Practicum-PnG / practicum-png

0 stars 0 forks source link

Investigate voice verification algorithms based on ML/DL #4

Open anup-ahuje opened 4 years ago

jingjingeatmore commented 4 years ago

Some good paper reference can be found here: https://github.com/zzw922cn/awesome-speech-recognition-speech-synthesis-papers In Speaker Verification Section

A Brief Summary:

  1. ML/DL based algorithms are most frequently used in text-independent scenarios.
  2. EER (Equal Error Rate) used to evaluate accuracy
  3. Not tested in noisy enough environments (not has high as 90dB)
  4. “DNN based system is more robust to additive noise”

Relevant Concept:

  1. Speaker Verification (SV), is verifying the claimed identity of a speaker by using their voice characteristics as captured by a recording device such as a microphone.
  2. I-Vector and D-Vector (Quoted from Quora, just an informal way to quickly explain what are these concepts): I-vector: a feature that represents the idiosyncratic characteristics of the frame-level features' distributive pattern.

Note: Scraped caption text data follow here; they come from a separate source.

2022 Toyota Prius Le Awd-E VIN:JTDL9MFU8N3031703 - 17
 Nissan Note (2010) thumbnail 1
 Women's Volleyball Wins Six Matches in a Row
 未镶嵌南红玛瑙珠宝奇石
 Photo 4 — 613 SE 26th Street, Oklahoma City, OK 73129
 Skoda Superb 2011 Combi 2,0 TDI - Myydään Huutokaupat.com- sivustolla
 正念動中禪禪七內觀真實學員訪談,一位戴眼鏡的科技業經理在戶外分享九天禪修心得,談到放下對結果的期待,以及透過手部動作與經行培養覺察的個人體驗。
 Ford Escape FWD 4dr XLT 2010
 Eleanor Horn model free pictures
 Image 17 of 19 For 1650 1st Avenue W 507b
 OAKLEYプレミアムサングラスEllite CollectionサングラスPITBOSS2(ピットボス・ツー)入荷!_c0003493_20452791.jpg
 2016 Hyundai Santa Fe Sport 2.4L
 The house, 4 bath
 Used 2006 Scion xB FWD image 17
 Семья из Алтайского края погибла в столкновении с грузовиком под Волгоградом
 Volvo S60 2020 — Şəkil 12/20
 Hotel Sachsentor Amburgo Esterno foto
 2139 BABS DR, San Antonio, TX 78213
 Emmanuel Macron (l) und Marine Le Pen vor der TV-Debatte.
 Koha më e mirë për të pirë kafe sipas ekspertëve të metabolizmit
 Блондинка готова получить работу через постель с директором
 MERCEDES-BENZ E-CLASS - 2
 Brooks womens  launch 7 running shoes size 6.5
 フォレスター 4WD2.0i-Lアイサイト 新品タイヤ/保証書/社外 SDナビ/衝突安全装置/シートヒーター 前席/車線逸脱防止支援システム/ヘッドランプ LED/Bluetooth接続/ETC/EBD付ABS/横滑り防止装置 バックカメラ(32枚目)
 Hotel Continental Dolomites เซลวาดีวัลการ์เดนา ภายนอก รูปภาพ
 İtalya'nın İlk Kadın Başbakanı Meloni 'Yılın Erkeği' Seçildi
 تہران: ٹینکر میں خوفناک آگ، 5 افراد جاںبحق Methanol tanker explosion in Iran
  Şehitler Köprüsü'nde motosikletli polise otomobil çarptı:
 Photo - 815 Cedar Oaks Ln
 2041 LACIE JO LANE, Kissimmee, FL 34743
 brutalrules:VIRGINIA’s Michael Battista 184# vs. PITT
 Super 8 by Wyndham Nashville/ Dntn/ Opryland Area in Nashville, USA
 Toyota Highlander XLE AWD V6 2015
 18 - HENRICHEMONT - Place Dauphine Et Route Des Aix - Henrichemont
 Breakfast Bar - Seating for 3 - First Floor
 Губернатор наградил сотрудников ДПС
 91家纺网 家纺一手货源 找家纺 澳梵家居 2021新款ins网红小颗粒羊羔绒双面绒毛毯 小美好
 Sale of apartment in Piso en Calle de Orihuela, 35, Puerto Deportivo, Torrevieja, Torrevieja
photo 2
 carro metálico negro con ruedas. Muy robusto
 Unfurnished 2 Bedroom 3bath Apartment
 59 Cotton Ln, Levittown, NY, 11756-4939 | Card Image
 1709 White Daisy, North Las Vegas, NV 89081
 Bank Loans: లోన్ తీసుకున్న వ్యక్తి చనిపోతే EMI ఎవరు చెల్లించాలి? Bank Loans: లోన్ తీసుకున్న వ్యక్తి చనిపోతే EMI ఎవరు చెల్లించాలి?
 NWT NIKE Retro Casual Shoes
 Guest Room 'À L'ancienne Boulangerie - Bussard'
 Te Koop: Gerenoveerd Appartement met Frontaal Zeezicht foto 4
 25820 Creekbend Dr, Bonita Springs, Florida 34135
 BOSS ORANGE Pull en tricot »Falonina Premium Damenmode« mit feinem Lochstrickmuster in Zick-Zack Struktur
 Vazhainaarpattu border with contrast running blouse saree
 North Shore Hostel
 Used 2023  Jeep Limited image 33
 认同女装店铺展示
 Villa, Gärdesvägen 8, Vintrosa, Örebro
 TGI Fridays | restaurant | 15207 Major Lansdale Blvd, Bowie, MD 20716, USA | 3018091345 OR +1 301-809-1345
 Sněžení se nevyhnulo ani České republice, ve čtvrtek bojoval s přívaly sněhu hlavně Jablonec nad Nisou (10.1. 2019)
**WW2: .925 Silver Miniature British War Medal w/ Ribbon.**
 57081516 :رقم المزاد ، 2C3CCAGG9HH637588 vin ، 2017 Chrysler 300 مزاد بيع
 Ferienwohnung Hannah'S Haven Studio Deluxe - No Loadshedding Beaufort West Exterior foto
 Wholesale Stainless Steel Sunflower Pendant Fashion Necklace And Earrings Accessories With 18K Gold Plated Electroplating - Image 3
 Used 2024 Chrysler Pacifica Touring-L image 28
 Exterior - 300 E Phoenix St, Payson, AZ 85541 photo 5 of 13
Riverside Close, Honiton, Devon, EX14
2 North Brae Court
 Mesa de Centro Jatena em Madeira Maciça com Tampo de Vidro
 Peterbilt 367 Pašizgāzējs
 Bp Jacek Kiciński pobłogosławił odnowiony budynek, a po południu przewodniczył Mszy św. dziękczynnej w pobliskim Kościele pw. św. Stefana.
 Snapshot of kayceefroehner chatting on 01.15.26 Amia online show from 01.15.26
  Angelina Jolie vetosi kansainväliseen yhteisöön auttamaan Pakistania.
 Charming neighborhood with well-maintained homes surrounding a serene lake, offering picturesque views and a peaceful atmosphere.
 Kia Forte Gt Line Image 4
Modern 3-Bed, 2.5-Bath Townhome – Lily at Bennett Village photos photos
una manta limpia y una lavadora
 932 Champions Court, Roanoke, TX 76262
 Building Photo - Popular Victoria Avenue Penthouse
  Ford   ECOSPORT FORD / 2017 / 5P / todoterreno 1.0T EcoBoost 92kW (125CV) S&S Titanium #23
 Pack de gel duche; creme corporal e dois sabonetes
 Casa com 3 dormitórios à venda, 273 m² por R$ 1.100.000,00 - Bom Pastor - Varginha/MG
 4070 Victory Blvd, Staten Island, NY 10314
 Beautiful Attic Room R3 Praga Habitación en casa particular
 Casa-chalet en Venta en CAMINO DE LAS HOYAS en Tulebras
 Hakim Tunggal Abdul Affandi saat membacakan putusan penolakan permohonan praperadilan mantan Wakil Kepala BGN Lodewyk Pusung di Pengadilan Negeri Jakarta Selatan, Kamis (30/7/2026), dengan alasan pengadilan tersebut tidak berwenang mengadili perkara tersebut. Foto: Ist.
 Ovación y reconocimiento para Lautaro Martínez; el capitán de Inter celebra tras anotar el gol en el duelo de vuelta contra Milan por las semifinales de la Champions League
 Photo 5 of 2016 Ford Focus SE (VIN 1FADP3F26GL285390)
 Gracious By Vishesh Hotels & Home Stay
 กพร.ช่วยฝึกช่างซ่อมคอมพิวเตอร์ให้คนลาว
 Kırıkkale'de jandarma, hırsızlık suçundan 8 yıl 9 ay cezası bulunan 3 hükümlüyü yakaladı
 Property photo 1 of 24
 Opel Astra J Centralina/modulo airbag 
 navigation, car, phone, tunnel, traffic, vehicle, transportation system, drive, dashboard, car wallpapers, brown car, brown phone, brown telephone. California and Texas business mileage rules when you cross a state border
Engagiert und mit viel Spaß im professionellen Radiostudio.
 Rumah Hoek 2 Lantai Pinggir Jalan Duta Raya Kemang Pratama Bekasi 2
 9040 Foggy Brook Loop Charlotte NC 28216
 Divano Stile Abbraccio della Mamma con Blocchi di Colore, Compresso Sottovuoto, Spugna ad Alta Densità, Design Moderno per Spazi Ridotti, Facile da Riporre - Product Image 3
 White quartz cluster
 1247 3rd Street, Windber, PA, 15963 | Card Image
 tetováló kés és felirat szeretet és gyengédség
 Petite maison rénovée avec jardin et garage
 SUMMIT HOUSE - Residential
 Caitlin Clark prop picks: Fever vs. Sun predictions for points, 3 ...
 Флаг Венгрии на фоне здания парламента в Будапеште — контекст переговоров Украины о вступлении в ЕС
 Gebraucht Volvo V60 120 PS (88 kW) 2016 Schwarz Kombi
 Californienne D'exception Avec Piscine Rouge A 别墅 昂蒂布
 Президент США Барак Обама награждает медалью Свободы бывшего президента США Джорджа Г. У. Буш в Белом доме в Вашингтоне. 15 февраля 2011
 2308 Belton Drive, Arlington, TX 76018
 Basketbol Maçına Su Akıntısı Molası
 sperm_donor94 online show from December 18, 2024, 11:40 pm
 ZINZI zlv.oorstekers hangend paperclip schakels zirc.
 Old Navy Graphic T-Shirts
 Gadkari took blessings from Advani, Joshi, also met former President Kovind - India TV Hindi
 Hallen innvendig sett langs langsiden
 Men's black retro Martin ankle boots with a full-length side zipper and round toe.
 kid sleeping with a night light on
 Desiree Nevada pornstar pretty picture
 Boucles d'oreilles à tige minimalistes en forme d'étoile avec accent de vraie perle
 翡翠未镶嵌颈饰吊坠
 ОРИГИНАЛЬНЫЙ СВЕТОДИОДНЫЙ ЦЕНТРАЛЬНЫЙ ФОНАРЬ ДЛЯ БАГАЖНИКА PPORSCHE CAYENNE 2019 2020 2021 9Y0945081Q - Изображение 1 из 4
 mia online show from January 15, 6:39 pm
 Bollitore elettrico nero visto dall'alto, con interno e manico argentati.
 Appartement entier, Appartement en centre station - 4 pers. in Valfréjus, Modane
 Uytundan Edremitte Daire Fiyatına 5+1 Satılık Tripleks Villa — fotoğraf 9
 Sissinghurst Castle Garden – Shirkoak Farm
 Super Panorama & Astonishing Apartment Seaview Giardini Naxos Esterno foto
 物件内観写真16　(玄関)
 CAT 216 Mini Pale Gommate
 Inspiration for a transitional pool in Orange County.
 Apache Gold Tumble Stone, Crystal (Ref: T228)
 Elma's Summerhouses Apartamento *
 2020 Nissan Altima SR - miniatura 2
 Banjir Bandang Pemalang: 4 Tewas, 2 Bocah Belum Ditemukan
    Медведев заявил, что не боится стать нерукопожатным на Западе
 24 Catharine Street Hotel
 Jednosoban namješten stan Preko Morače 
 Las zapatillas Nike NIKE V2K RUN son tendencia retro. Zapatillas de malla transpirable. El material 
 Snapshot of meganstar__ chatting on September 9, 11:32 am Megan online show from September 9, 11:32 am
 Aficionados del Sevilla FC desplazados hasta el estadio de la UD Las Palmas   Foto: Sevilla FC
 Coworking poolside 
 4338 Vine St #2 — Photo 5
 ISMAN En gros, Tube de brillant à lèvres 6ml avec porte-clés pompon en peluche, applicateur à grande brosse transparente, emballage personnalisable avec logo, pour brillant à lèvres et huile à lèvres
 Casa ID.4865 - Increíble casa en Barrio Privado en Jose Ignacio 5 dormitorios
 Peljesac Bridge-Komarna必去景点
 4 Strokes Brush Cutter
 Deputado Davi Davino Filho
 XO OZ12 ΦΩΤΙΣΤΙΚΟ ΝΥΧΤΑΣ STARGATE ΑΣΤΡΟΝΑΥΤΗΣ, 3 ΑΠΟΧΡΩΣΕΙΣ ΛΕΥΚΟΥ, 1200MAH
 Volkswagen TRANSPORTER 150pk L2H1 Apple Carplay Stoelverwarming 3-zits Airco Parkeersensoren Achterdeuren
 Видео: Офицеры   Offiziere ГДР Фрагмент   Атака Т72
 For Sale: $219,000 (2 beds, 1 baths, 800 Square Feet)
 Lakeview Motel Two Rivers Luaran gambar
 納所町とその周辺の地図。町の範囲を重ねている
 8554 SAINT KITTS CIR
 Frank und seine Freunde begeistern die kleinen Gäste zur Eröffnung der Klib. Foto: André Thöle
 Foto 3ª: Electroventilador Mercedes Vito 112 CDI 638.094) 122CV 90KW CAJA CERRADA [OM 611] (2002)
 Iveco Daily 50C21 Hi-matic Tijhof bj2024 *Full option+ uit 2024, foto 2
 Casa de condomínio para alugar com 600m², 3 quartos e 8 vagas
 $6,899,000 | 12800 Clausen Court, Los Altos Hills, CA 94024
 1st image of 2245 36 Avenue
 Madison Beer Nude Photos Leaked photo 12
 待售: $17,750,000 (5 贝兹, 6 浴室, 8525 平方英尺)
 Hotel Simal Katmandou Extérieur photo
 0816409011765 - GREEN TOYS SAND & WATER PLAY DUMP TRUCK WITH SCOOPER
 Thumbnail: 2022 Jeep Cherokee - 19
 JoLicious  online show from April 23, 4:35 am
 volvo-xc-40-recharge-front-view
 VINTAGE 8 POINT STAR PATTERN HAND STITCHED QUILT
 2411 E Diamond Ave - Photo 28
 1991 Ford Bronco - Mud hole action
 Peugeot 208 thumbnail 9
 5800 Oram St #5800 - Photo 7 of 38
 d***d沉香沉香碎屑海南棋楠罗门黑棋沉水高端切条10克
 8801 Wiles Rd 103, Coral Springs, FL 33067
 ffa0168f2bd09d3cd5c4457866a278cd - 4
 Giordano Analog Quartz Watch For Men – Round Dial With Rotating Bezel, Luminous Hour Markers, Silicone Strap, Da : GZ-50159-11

I-vector extraction is essentially a dimensionality reduction of the GMM supervector (although the GMM supervector is not extracted when computing the i-vector). It's extracted in a similar manner with the eigenvoice adaptation scheme or the JFA technique, but is extracted per sentence (or input speech sample). Origin: https://groups.csail.mit.edu/sls/publications/2011/Dehak_IEEE_May2011.pdf D-vector is extracted using DNN. To extract a d-vector, a DNN model that takes stacked filterbank features (similar to the DNN acoustic model used in ASR) and generates the one-hot speaker label (or the speaker probability) on the output is trained. D-vector is the averaged activation from the last hidden layer of this DNN. So unlike the i-vector framework, this doesn't have any assumptions about the feature's distribution (the i-vector framework assumes that the i-vector, or the latent variable has a Gaussian distribution). Origin: https://ieeexplore-ieee-org.proxy.library.cmu.edu/document/6854363

Steps:

  1. Development: the background model will be created for the speaker representation
  2. Enrollment: the speaker models of new users are generated using the background model
  3. Evaluation: the claimed identity of the test utterances should be confirmed/rejected by comparing with available previously generated speaker models.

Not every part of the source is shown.